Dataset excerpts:
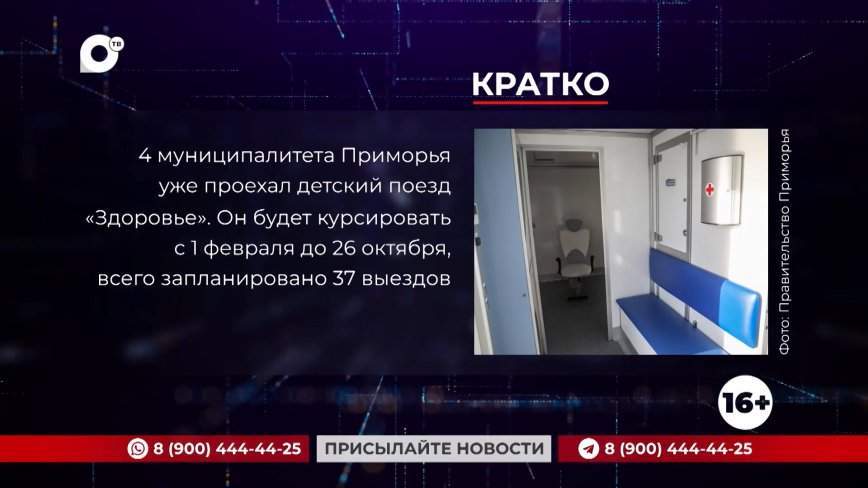 Кратко. 27.02.24 (Вечер)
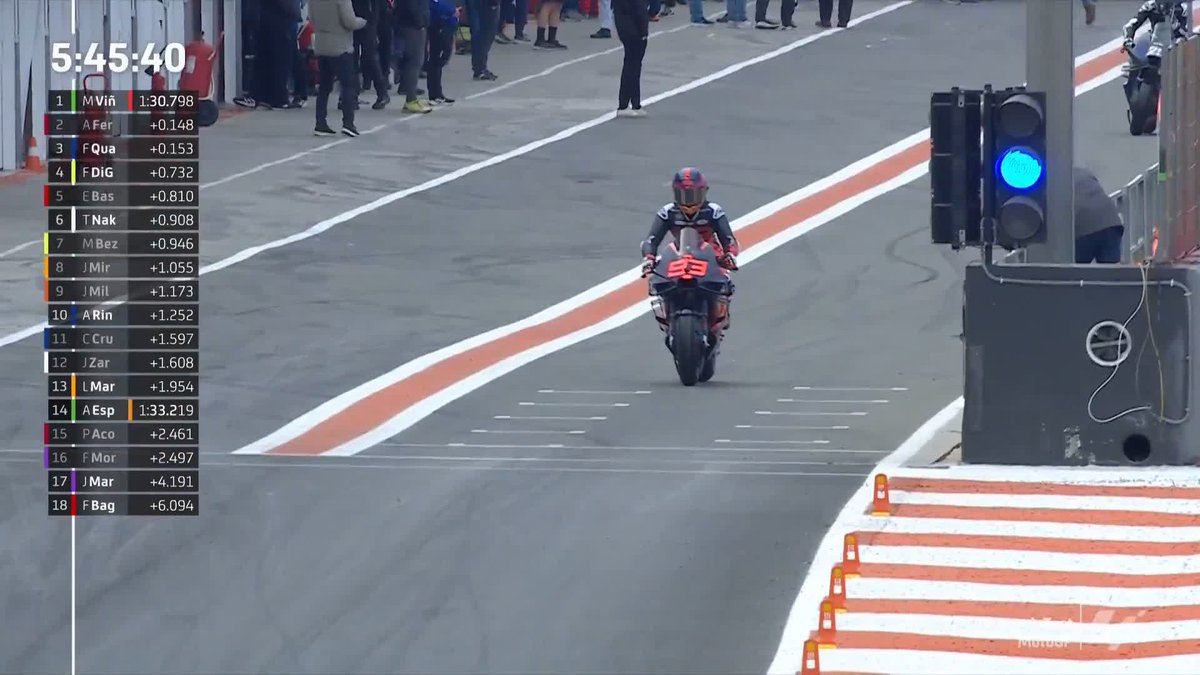 Witnessing history!🔥 Marc Márquez's pit out with Gresini Racing ✅ #ValenciaTest ⏱️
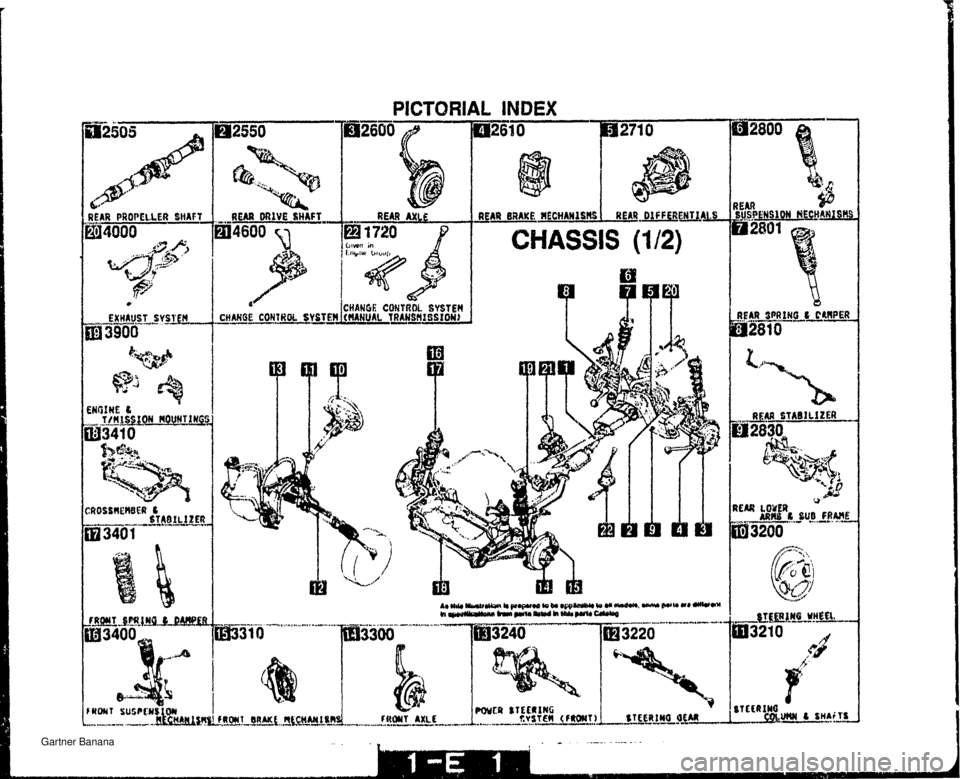 MAZDA MX-5 1994 Workshop Manual "POP PlCTQRlAL INDEX CHASSIS (1 12) Gartner Banana MAZDA MX-5 1994 Workshop Manual "POP PlCTQRlAL INDEX CHASSIS (1 12) Gartner Banana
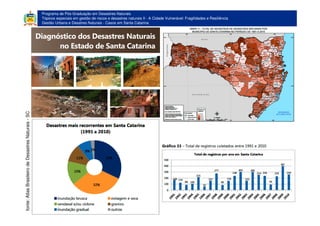 Programa de Pós-Graduação em Desastres Naturais
Tópicos especiais em gestão de riscos e desastres naturais II - A Cidade Vulnerável: Fragilidades e Resiliência
Gestão Urbana e Desatres Naturais - Casos em Santa Catarina
fonte:AtlasBrasileirodeDesastresNaturais-SC
 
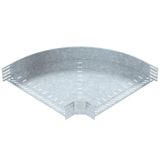 RB 90 160 FT 90° pagrieziens kabeļu renēm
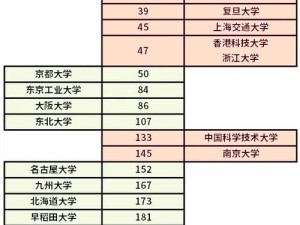 日本大学 sgu 大二大三该如何规划？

HOW TO COMPLETE THIS TASK
What is needed is an exact printout of every record above, with the pictures left out.

FINISHED EXERCISE
 Кратко. 27.02.24 (Вечер)
 Witnessing history!🔥 Marc Márquez's pit out with Gresini Racing ✅ #ValenciaTest ⏱️
 MAZDA MX-5 1994 Workshop Manual "POP PlCTQRlAL INDEX CHASSIS (1 12) Gartner Banana MAZDA MX-5 1994 Workshop Manual "POP PlCTQRlAL INDEX CHASSIS (1 12) Gartner Banana
 Programa de Pós-Graduação em Desastres Naturais
Tópicos especiais em gestão de riscos e desastres naturais II - A Cidade Vulnerável: Fragilidades e Resiliência
Gestão Urbana e Desatres Naturais - Casos em Santa Catarina
fonte:AtlasBrasileirodeDesastresNaturais-SC
 
 RB 90 160 FT 90° pagrieziens kabeļu renēm
 日本大学 sgu 大二大三该如何规划？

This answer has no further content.